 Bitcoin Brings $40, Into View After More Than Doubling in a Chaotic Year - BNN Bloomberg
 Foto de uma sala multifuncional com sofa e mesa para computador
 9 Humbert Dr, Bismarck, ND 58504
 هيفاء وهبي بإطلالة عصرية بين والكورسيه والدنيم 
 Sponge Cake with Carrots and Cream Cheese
*****
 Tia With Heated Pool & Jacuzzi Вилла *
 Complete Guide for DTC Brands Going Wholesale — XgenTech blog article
*****
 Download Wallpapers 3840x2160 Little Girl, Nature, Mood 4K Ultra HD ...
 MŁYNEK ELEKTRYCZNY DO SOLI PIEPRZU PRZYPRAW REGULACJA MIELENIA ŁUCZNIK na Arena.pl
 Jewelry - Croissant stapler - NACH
*****
> WORK TO COMPLETE
Output should match, line for line, the stretch of the material above from the line holding "MŁYNEK ELEKTRYCZNY DO" through the line holding "Jewelry - Croissant stapler - NACH".

> ANSWER SECTION
 MŁYNEK ELEKTRYCZNY DO SOLI PIEPRZU PRZYPRAW REGULACJA MIELENIA ŁUCZNIK na Arena.pl
 Jewelry - Croissant stapler - NACH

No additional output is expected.